Now mid-March, the frigid evenings of last month have melted into above-freezing nights, while daytime highs rise into the 60s and 70s (Fahrenheit). Thumb-thick bees buzz into blooms, baby deer frolic in short and tall grass, and older folks don light coats when trodding with their dogs along the gravel pathways in our development. Spring has sprung.
Some years, of course, the awakening is momentarily snuffed by sudden snow, others by the crushing heat of an early summer, with weather forecasters often predicting the seasonal stops and starts after the fact. It’s not just in retrospect that the demarcations are detected, however; we feel the shifts in our bones.
For music artists, change is generally presented as if it’s a linear thing: album, tour, new project, new tour. A chord leads to a melody and then chorus, with that initial tributary leading to a larger stream and then a river, which in turn empties into the sea. Such words as “growth,” “stagnation” and “disappointment” are tossed about by critics and fans alike while we jet across the waters in our metaphoric boats. We ponder and pontificate, ascribe deep meaning, and delineate the phases of development as if we’re meteorologists dissecting past forecasts. It once was common for new works to appear each year, then every two, and now…they come when they come.
It’s weird, right? Does the muse vanish once an album is done? Does metamorphosis take a breather? In truth, creatively fallow periods are often not as dormant as they appear, with the seasonal changes we observers stamp on them projecting order onto what is an unordered process. Artistic stasis is rarely that. It’s the chrysalis stage, when the subconscious mind consumes and consumes until ideas bubble forth. There’s no rushing it.

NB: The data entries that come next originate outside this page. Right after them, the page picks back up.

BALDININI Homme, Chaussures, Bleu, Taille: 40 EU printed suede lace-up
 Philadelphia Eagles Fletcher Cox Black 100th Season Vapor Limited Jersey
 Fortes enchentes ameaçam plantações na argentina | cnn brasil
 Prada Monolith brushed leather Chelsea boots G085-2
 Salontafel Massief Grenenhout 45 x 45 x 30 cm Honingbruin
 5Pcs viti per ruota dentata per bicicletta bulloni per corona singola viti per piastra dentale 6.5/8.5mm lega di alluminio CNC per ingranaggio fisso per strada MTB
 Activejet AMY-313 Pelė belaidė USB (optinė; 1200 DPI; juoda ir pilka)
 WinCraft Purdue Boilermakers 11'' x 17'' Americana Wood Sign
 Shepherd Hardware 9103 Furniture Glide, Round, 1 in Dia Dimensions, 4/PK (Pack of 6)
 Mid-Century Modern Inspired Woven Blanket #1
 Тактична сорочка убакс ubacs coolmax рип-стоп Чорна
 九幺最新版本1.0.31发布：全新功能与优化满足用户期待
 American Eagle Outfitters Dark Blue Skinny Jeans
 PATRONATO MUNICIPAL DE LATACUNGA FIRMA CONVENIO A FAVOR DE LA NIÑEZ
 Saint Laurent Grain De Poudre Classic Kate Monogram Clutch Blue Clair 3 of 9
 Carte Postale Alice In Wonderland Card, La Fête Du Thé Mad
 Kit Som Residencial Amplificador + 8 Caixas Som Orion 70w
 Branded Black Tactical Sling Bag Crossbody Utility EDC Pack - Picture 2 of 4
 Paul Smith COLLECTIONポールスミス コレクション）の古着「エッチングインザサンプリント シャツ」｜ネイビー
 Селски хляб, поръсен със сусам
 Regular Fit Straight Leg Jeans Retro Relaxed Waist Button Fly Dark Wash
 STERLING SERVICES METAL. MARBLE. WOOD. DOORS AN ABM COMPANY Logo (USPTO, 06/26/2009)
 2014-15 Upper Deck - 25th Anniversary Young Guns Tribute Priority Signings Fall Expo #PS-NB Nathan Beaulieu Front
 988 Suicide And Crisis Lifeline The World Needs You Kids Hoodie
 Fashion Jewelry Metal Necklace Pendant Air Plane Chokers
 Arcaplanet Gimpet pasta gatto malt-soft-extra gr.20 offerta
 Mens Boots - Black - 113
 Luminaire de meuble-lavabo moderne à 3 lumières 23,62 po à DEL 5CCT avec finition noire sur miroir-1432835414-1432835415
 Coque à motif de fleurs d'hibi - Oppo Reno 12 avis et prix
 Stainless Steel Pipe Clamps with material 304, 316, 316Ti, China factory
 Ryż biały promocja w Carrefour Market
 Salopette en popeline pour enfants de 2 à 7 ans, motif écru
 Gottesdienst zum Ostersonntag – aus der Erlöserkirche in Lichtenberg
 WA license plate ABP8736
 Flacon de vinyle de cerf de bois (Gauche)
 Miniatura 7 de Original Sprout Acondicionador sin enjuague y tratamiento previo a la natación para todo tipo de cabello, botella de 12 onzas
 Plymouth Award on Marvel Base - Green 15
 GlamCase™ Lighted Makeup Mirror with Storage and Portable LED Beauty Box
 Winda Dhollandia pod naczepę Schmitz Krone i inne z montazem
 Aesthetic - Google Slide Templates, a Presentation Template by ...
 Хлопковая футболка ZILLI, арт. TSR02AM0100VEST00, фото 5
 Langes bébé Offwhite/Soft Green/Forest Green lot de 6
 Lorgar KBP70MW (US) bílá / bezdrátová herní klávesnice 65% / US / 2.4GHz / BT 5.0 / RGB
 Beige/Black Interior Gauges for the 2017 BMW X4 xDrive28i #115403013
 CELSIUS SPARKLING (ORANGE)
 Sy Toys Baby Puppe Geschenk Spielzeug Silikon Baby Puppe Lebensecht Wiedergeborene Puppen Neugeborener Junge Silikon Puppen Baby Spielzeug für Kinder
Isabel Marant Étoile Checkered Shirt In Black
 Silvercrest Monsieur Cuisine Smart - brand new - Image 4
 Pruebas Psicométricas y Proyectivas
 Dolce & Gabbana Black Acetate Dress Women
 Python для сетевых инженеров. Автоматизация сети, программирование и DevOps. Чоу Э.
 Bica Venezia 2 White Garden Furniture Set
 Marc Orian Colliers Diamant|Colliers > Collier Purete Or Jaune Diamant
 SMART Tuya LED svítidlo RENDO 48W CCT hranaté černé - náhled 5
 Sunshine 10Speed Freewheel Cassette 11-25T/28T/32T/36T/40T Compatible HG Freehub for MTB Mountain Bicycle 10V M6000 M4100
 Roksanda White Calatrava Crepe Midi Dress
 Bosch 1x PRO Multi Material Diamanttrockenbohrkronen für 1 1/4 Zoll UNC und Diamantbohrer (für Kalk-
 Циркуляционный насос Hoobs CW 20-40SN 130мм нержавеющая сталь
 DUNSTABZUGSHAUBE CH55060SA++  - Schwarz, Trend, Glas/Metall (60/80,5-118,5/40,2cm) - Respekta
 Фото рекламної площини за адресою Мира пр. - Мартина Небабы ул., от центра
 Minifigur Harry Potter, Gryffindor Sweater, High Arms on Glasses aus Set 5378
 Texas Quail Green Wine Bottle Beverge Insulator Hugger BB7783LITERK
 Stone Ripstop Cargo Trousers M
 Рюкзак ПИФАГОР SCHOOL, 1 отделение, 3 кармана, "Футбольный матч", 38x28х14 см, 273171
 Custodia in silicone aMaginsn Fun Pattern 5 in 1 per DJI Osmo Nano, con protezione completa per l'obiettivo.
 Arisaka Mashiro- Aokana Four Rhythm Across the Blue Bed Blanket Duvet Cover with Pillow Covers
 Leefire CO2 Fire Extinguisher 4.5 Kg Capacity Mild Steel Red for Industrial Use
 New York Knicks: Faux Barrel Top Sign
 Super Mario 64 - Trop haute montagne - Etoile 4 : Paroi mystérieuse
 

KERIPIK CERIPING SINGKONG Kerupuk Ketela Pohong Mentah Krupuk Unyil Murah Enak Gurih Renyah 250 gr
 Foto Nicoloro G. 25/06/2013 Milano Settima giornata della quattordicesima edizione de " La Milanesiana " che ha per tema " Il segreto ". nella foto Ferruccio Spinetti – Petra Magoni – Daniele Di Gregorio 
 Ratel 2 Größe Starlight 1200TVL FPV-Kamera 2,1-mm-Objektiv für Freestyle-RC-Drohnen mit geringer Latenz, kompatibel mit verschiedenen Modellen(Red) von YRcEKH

In the press release that accompanied Interval_o, her new EP, Portuguese-Canadian singer-songwriter Nico Paulo explains, “I was feeling like I had run out of things to say, but I still want to sing to people. I was wondering, ‘is there a way of doing that? Can I still keep people company with words and sound and not have to tell a full story?’” The result is a five-track, 14-minute set filled with lilting melodies, wordless vocals and fragmented verses that, to me, replicate drifting into or out of a pleasant dream.
The songs, such as they are, came about while performing live music during yoga classes. As a result, as one might suspect, they possess an ethereal quality, with the nominal stops and starts serving as stanza breaks rather than ends and beginnings. Also playing a part, albeit one she wasn’t cognizant of at the time: They were written just before she learned she was pregnant. To again quote from the press release: “If there’s anything that feels sort of like magic, it’s that there was some sort of anticipation or preparation that I was trying to get to while I was writing in that phase. Not just the exercise of it, practicing something mindful and meditative, and taking care of my body physically—but it feels like I was preparing in some way for something bigger.”
The result reminds me of one of my favorite albums, David Crosby’s If I Could Only Remember My Name…, with each track flowing into the next as if a zen opera. Paulo handles all vocals and looped vocals, plus contributes an electric guitar loop on one track; her partner, Adam Hogan, strums acoustic guitar on three; Kyle Cunjak plucks the acoustic bass on four; and Joshua Van Tassel, who also produced and engineered, handles the drums, percussion, electronics and ondéa.